- _Problem to solve_
Check each line below for the word "Decor", then please report how many lines have it and nothing more.

- _Provided data_
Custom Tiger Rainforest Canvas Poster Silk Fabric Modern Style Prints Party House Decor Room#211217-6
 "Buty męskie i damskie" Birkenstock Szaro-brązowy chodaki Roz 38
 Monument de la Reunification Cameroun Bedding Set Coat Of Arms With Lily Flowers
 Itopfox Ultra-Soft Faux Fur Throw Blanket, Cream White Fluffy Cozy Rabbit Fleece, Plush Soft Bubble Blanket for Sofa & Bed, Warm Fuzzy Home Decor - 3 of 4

- _Solution for this problem_
2